Dr Ruth Macrides (1949 – 2019)
We report with deep sadness the death on 27 April, aged 69, of Ruth Macrides, after a short illness. Ruth had been associated with the BSA since student days in the 1970s, and at the time of her death was serving on the School’s Committee for Society, Arts and Letters. In May 2018, in Athens, she delivered the annual Bader Archive Lecture, on ‘The Scottish Connection in Byzantine and Modern Greek Studies’, and is pictured here on that occasion, flanked by the BSA Director and the Archivist. This was a topic particularly dear to her heart after seven years spent as Teaching and Research Fellow in Mediaeval History at the University of St Andrews in the 1990s. Earlier this year Ruth returned to the subject for the benefit of a London audience, in a joint address to the BSA Friends and the Society for the Promotion of Byzantine Studies, on 5 March.

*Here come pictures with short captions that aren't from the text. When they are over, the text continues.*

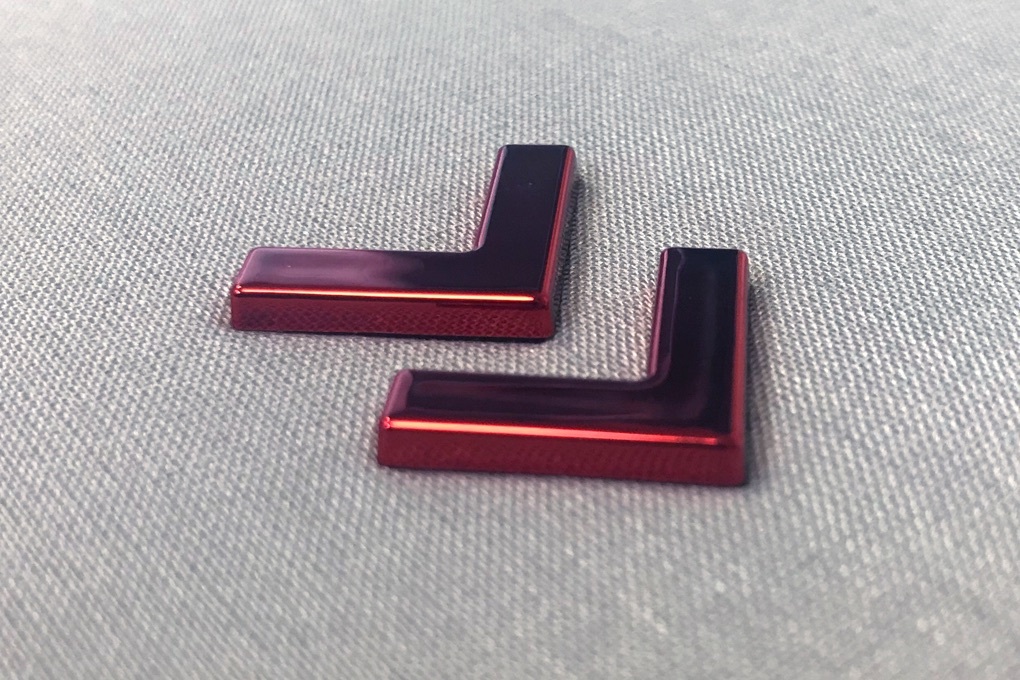 Close up of the 3D red metallic Instinet brand chevron symbols on the Fintech at Fifty graphic novel linen box case.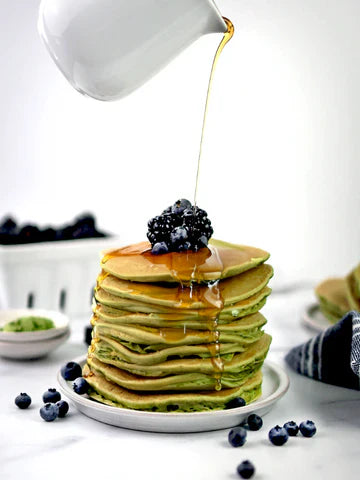 A towering stack of fluffy matcha pancakes topped with fresh blackberries and blueberries, drizzled with golden syrup for a vibrant and delicious breakfast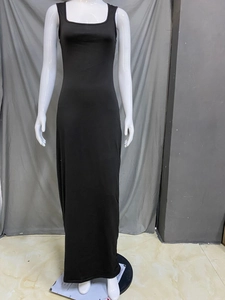 Detail of a black square neck sleeveless maxi dress showing slim fit cut and knit fabric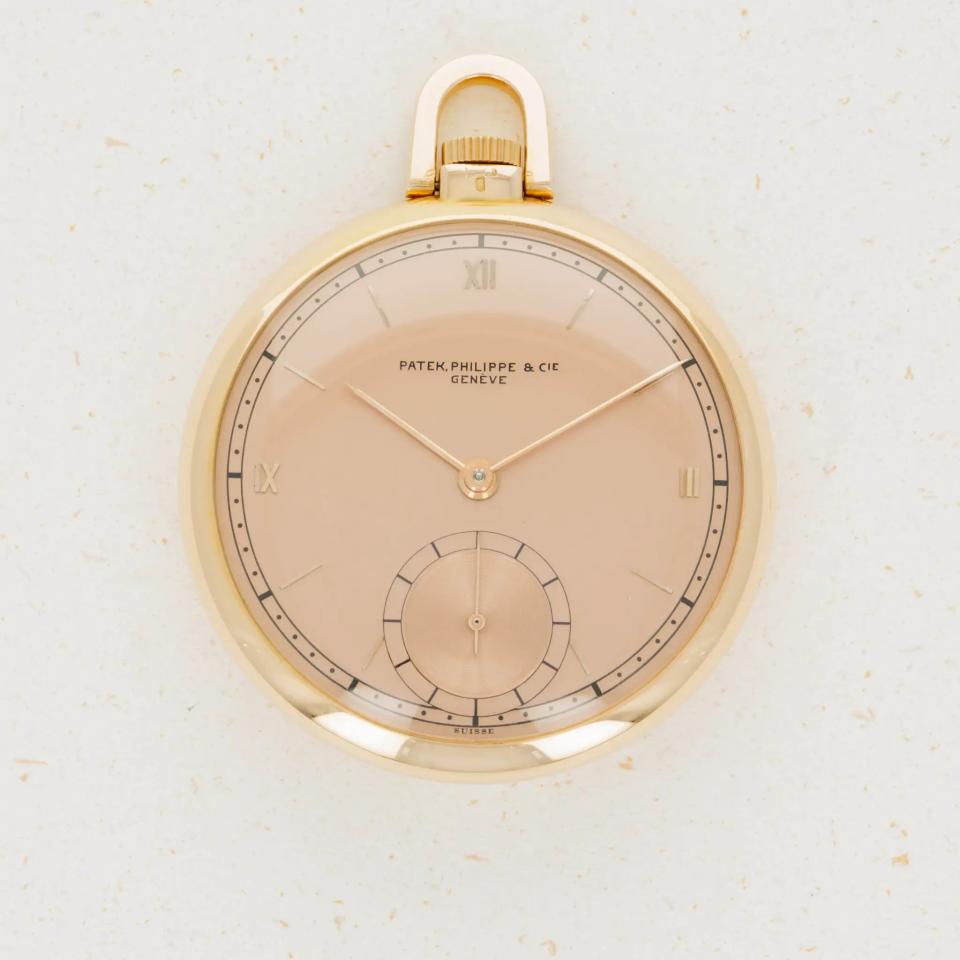 This pocket watch from Patek Philippe dates to the 1940s and exemplifies the traditional salmon dial color created in the traditional manner with electroplating.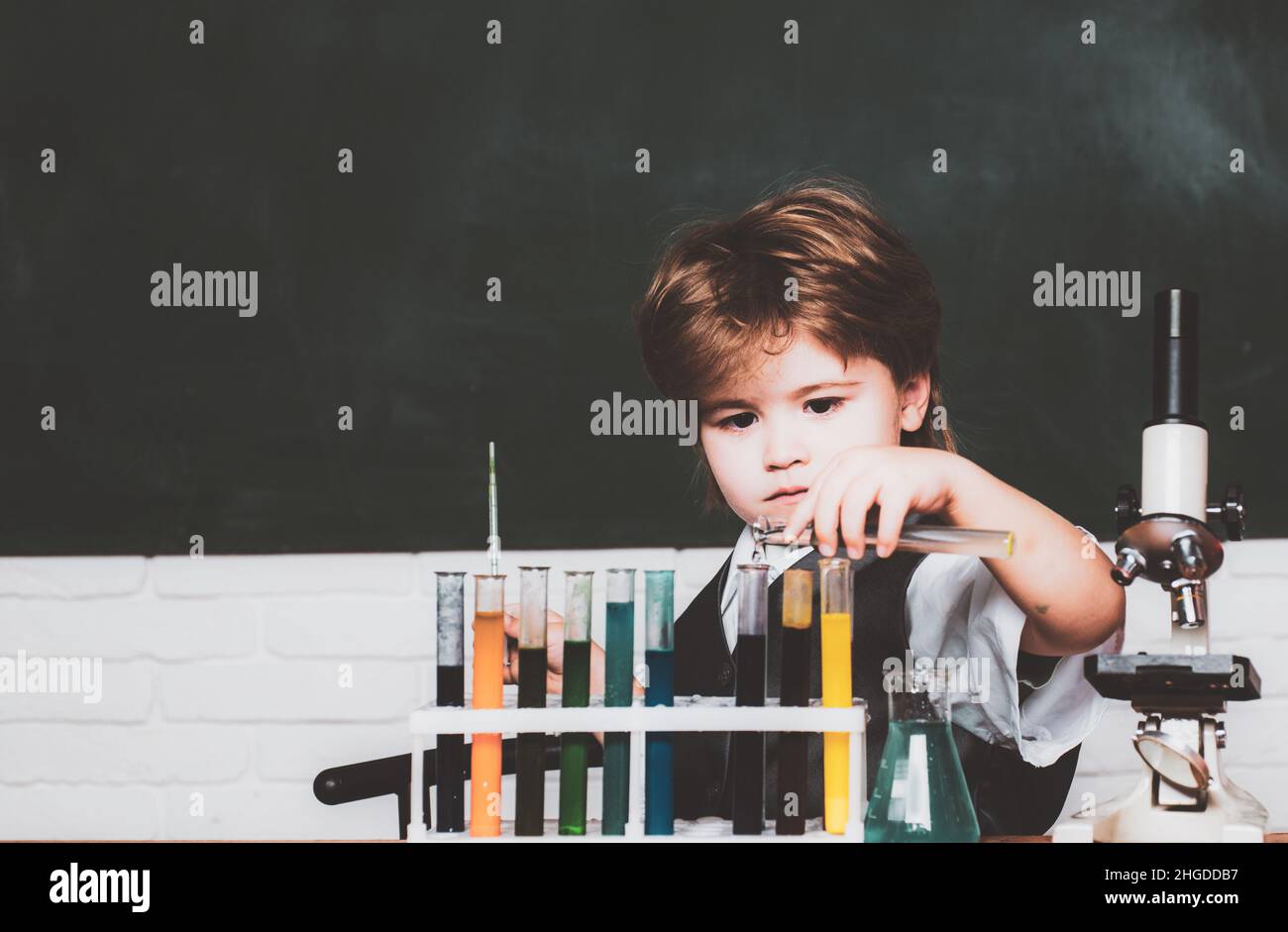 Education. Happy smiling pupil drawing at the desk. Chemistry. The ...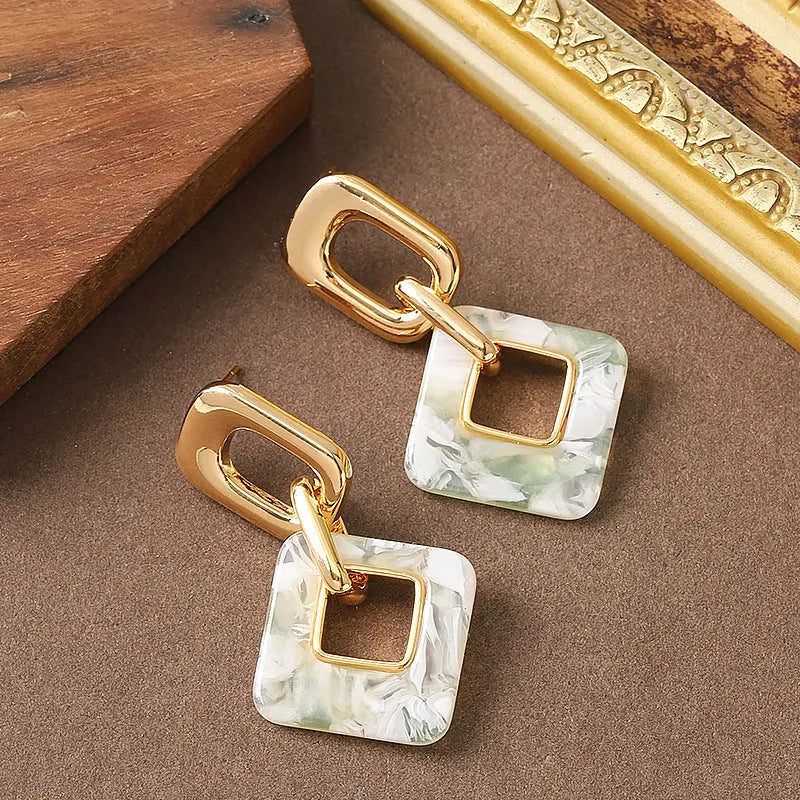 Hollow geometric square earrings with chamfered corners and electroplated copper finish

Born in Boston, Massachusetts, to parents of Pontian Greek extraction, Ruth studied at Columbia University, New York and gained her PhD at King’s College London, where she was supervised by Professor Donald Nicol, in 1978. Her professional career took her to the University of Frankfurt-am-Main and the Queen’s University of Belfast before St Andrews. Her full-time post in Byzantine Studies, in the Centre for Byzantine, Ottoman and Modern Greek Studies at the University of Birmingham, began in 2000. She was promoted to Reader in 2013, and was co-editor of the journal Byzantine and Modern Greek Studies from 2005.
Ruth Macrides was a versatile scholar with a wide range of interests in both the history and literature of the Byantine empire. She was particularly interested in legal and social history, and had a special fondness for the Palaiologan period (13th-15th centuries). Among her many publications, her authoritative edition and translation of the History by the 13th-century Constantinopolitan author George Akropolites, published in 2007, stands out. But Ruth’s interests ranged more widely still, to encompass the reception of the Byzantine world since the 19th century, as well as many aspects of worldwide Hellenism today, to which she always felt that she belonged.